México vai acionar Bolívia na Corte Internacional de Justiça por cerco militar à embaixada em La Paz

Segundo chanceler Marcelo Ebrard, número de militares em torno das sedes diplomáticas aumentou de seis para 90 desde o último dia 23 de dezembro

Militares cercam embaixada do México em La Paz (Maximiliano Reyes/Twitter)

O chanceler mexicano Marcelo Ebrard disse nesta quinta-feira (26/12) que irá apresentar uma queixa na Corte Internacional de Justiça, em Haia (Holanda), contra a Bolívia por conta das atividades militares desenvolvidas pelo governo autoproclamado de Jeanine Áñez em torno da embaixada do país em La Paz e da residência oficial da embaixadora.

A embaixada mexicana e o país em si receberam vários dos membros do governo de Evo Morales – inclusive ele próprio – após o golpe que o derrocou em novembro. No momento, estão na sede diplomática diversos ex-ministros, como Juan Ramón Quintana, ex-titular do Ministério da Presidência. Contra ele, o governo boliviano emitiu uma ordem de prisão. De acordo com o governo mexicano, as ordens chegaram depois do pedido de asilo impetrado pelos ex-ministros.

“Apresentaremos um recurso ante a Corte Internacional de Justiça para que o assédio policial e militar às sedes da Embaixada do México na Bolívia seja suspenso. Demandamos respeito à Convenção de Viena e a Pacto de Bogotá nesta matéria”, escreveu Ebrard, no Twitter.

Mais cedo, o chanceler disse, durante a tradicional entrevista coletiva de imprensa dada pelo presidente Andrés Manuel López Obrador, que o número de militares em torno das sedes diplomáticas aumentou de seis para 90 desde o último dia 23 de dezembro.

Segundo Ebrard, o instrumento jurídico de queixa será apresentado sob o argumento de que o governo de Áñez está violando as obrigações diplomáticas que deveria respeitar.

De acordo com o chanceler, o tipo de ação que se está desenvolvendo nas sedes diplomáticas do país na Bolívia “nunca foi visto”.

“Estamos estabelecendo conexão com a comunidade internacional porque nem nos piores anos das ditaduras militares dos anos de 1970 e 1980 se colocaram em risco as instalações do México e sua residência, disse.

Por sua vez, a Bolívia diz que o é México quem, na verdade, estaria “violando tratados”, e a intenção do cerco militar é “proteger a embaixada”.

“Nos parece que o único que permitiu que se violem os tratados e as convenções foi o governo mexicano, quando deu refúgio ao senhor Evo Morales, terrorista confesso por haver mandado matar o povo da Bolívia, por ter tirado a comida [da população]. Eles permitiram que fizesse declarações políticas, violando os tratados internacionais”, alegou o ministro de Governo, Arturo Murillo.

Cerco militar

Na quarta (25/12), o México denunciou o cerco militar em torno da embaixada e da casa da embaixadora. “Corpos de segurança e inteligência continuam rodeando ambos recintos do México em La Paz, ao contrário do que haviam declarado funcionários deste país.
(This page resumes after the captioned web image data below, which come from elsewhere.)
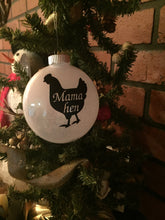 Load image into Gallery viewer, Farm Chicken Ornament, Farmhouse Chicken Ornament, Mama Hen Farm Chicken Ornament, Chicken Christmas Ornament Gift
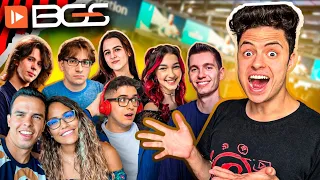 ENCONTREI 24 YOUTUBERS EM 1 HORA! - VLOG DE 1 HORA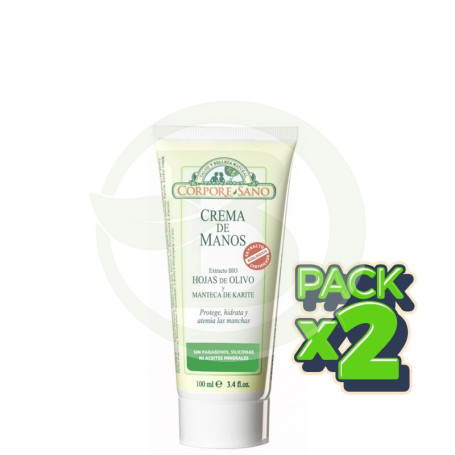 Pack 2x Crema De Manos 100Ml. Corpore Sano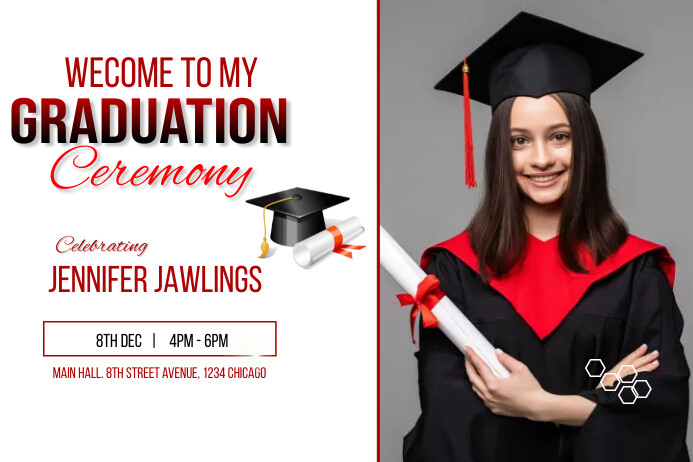 graduation ceremony Template | PosterMyWall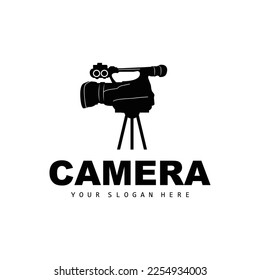 Logo De Cámara, Diseño De Cámara, Vector De Cámara De Estudio Y Fotógrafo, Icono De Plantilla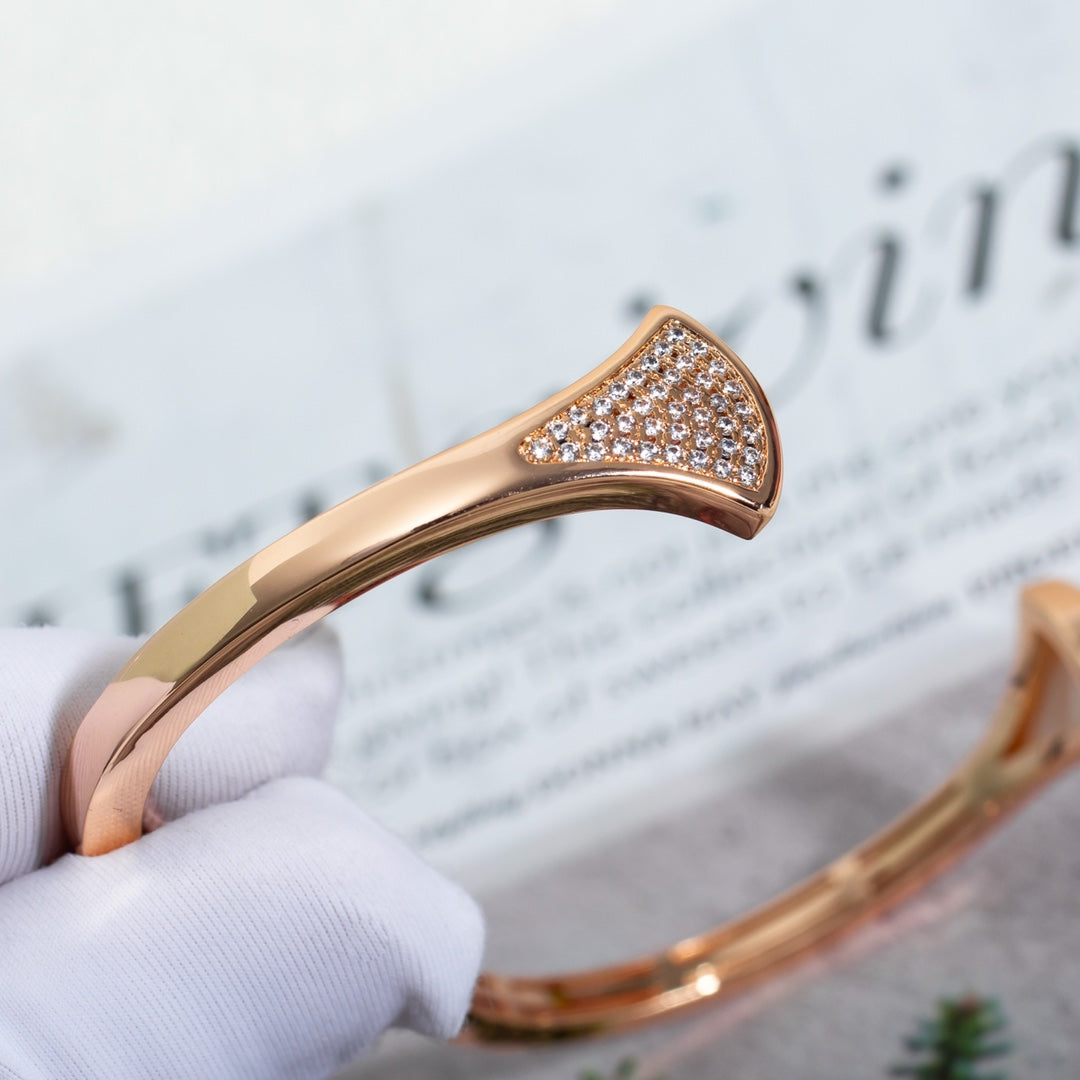 [BloomBling]DREAM BRACELET OPEN PINK GOLD MOP DIAMOND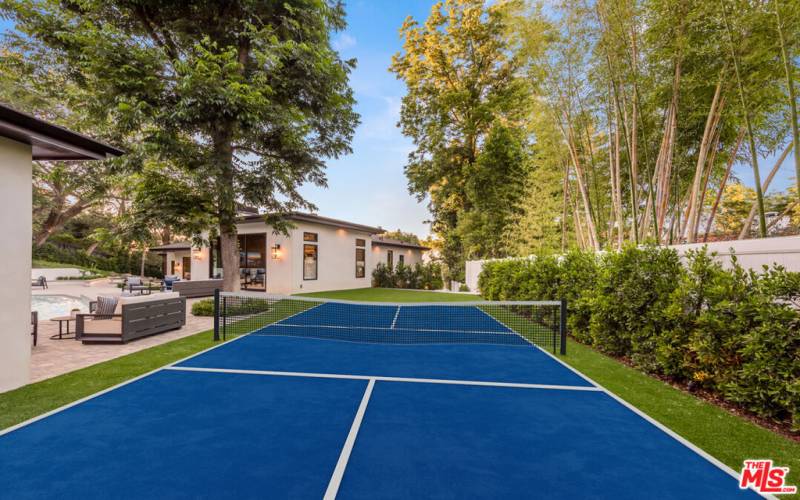 Virtual pickleball court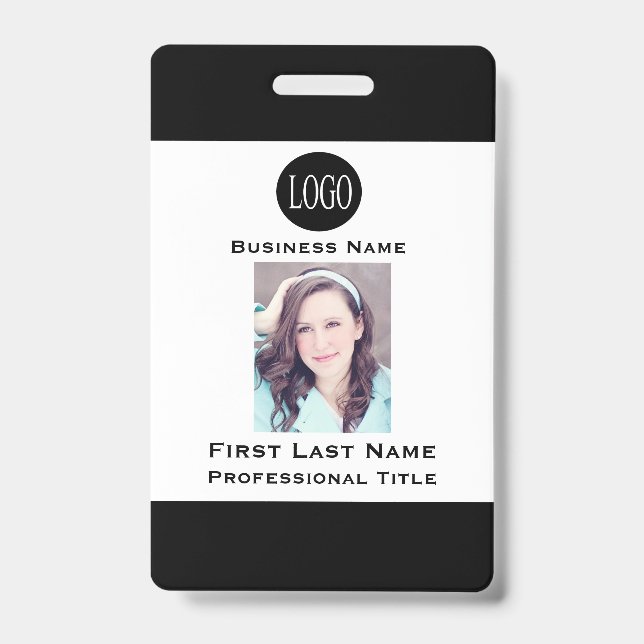 Tarjeta de identificación de empleado con nombre - (Parte frontal)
Atualmente, existe um cerco policial que registra o movimento das pessoas que entram e saem dos recintos diplomáticos mexicanos; agentes realizam gravações e tentaram deter o livre trânsito da embaixadora do México e do pessoal diplomático, enquanto oficiais motorizados seguem os deslocamentos dos veículos oficiais”, afirma uma nota divulgada pela chancelaria.

“O governo do México exige ao Estado Plurinacional da Bolívia que cumpra com suas obrigações internacionais, garanta a inviolabilidade das missões diplomáticas e cesse a política de assédio e amedrontamento. A manter-se esta situação, o México responsabiliza a Bolívia por qualquer ação na sede diplomática, a seu pessoal credenciado e a toda pessoa que se encontre sob a proteção do Estado mexicano neste país”, diz o texto.